Put a pin in that, I’ll come back to it.

Advanced defensive metrics have some limitations obviously:  Some of the data is inputted by humans, and even great data entry folk make occasional mistakes.  There’s no way to know if a player was out of position because he took advice from a coach about moving in, back or to the side, that may have prevented him from getting to the ball.  Shifts obviously are difficult to account for – do you really want to penalize the third baseman for not getting to a ground ball toward third base when he was positioned at shortstop?  Teammates are factors:  Pitching staffs that consistently yield hard-hit balls are more difficult to play behind than good pitching staffs, and your double-play partner certainly has some say in how good your personal double play efficiency is.

But for the most part, defensive metrics are pretty good.  Like all stats, not perfect, but will give you a pretty good idea how a player has performed defensively.  It sure beats the hell out of using errors and fielding percentage to evaluate a player’s defensive ability.  For example, if shortstop “A” has 20 errors but has converted 350 ground balls into outs, and shortstop “B” has committed 10 errors and converted 275 ground balls into outs, shortstop “B” would have a better fielding percentage.  But shortstop “A” will save your team a metric ton more runs than shortstop “B” will by turning more balls that would have been hits into outs and double plays.

Bill James said it best:  If you’re a fielder and want no errors and a great fielding percentage, what you should do is avoid the ball when it’s hit to you.

So what most metric-driven evaluations do (I’ll use Fangraphs as an example) is measure a player’s range (the number of balls hit into an area that were turned into outs), the ability to turn double plays (percentage based on opportunities) for infielders and arm strength (ability to limit runners advancing) for outfielders.  Fangraphs calculates this and calls it “UZR 150” which means Ultimate Zone Rating which is then averaged over a full season (as small sample sizes can sometimes be a problem too).  UZR 150 is also park-adjusted, as playing 3rd base in Oakland presents different challenges than the ones posed by a small ballpark.

And according to Fangraphs (and the very smart people at Baseball-Reference too – more on that in a minute…), Gio Urshela is a crap defensive 3rd baseman.

18 third basemen have played 600 innings in the field in 2019.  In terms of the runs the player saves (or costs) his team with his defense, Urshela ranks 17th of the 18.  In fact, he’s cost the Yankees 6.7 runs this season – only Justin Turner is worse at -10.8.  For some perspective, Nolan Arenado is best with 14.3 runs saved and Matt Chapman is second with 7.4 runs saved.

”But we’ve seen Gio’s glove and it’s great!  The backhands with the strong throw to follow have been on highlight reels all season!  The catches on pop-ups he makes are ridiculous!”

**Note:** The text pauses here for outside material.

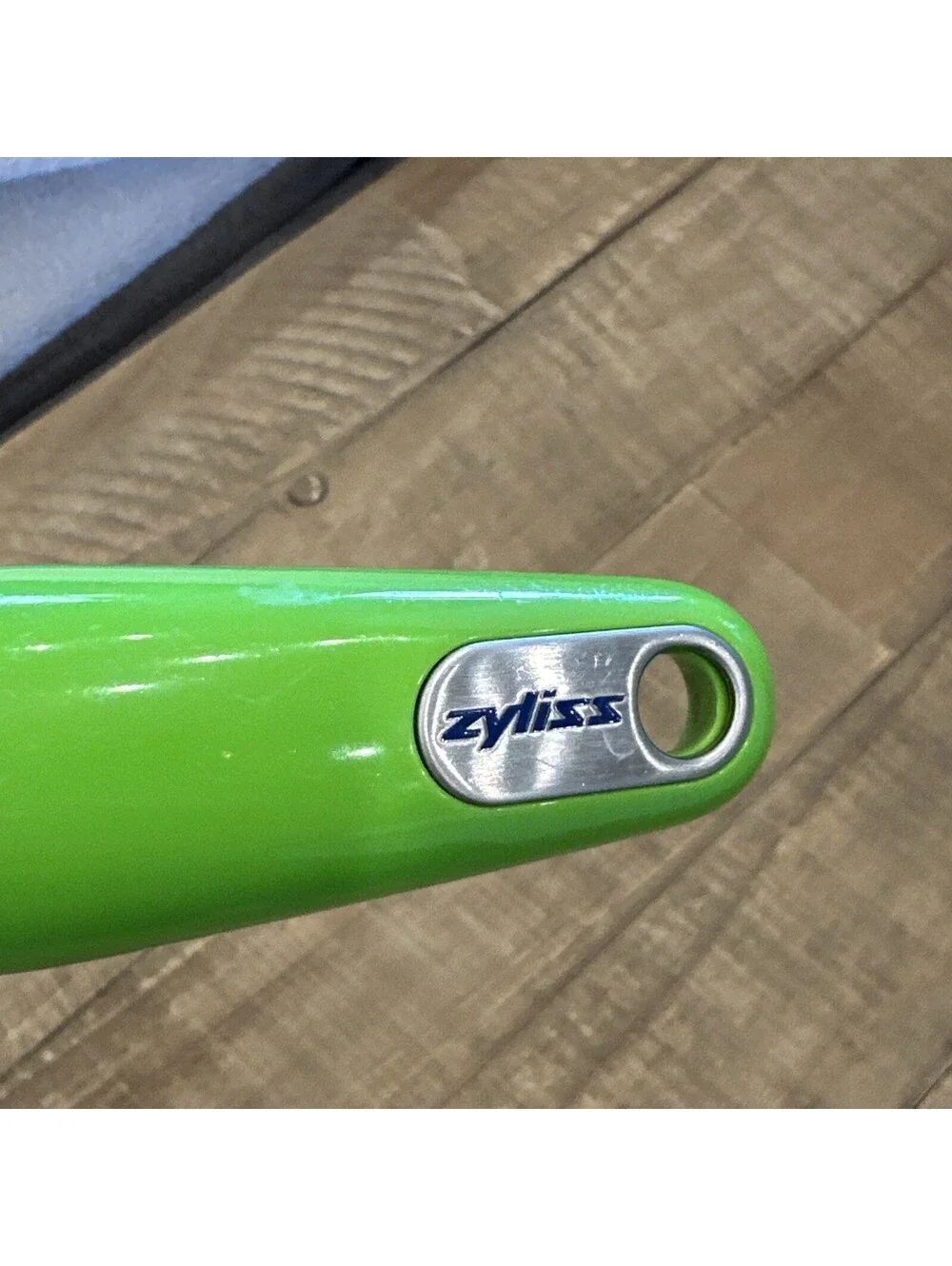 ZYLISS Green Ice Cream Scoop Ergonomic  Weighted Heavy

All that may be true.  But the reality is that he’s above average at starting a double play (again, which is helped by having Torres and LeMahieu as his 2nd basemen) but he has no range and turns fewer “normal” ground balls into outs than most third baseman do.

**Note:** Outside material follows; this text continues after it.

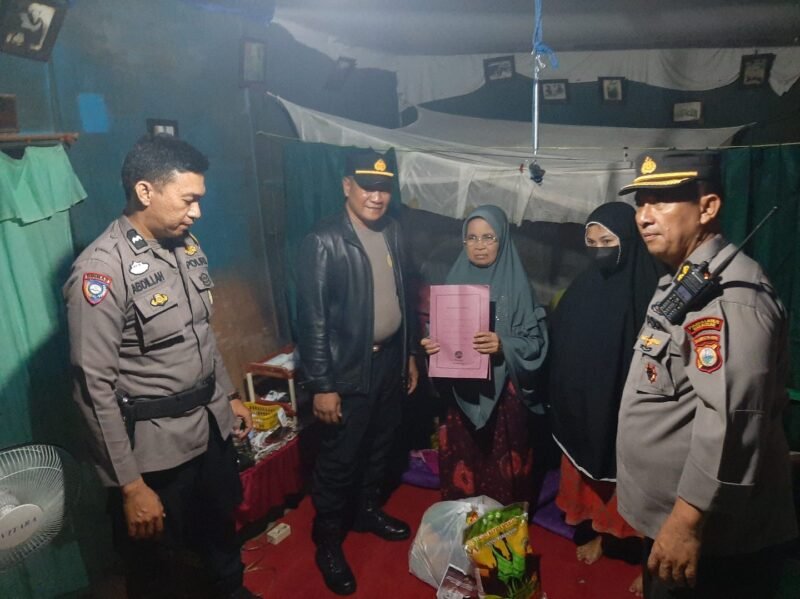 Kapolsek Tallo, AKP Ismail bersama Kabag Ops Polrestabes Makassar, AKBP Darminto serta rombongan sambangi warga lansi Kecamatan Tallo, Kamis (11/05/2023) malam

And if you’re thinking maybe Fangraphs is wonky, Baseball-Reference calculates their dWAR (defensive WAR) slightly differently than Fangraphs, and they have Urshela ranked 19th out of 22 third basemen who have played a minimum of 60 games in dWAR.  They also, have Arenado and Chapman at 1 and 2, and Turner below Gio.

Now if you say but “eye test”, that’s cool.  But there’s no way we can see and remember every ball he got to or didn’t – we only tend to remember the highlight reels and errors.  And even if you could do that, if you’re watching him every day, by definition, you aren’t watching the other 3rd basemen in the league every day and can’t fairly make a comparative judgment.

And in full disclosure, when I thought about it: most of the great plays I’ve seen him make are the step to the right, backhand a very hard hit ball, and make a strong throw.  He makes that look easy.

But I haven’t seen him make a great play moving to his left at all.  Or to his right if he has to move more than a step or two.  Maybe an exception here and there but the numbers say those are exceptions, and that most other third basemen are better.

Not a judgment on Gio obviously, because he’s been a huge contributor to the Yankees and he sure as hell is fun to watch and easy to root for.

But he is a reminder that it’s cool to make evaluations based on what we see, but we need to remember that like good data entry folk, we make mistakes occasionally too.

Be sure to check back for Defensive Metrics, part 2:  My eyes tell me Mookie Betts is very overrated and Aaron Judge is very underrated.  I was wrong about Gio – let’s see if I’m right about them.

Did I miss something?  Let me know.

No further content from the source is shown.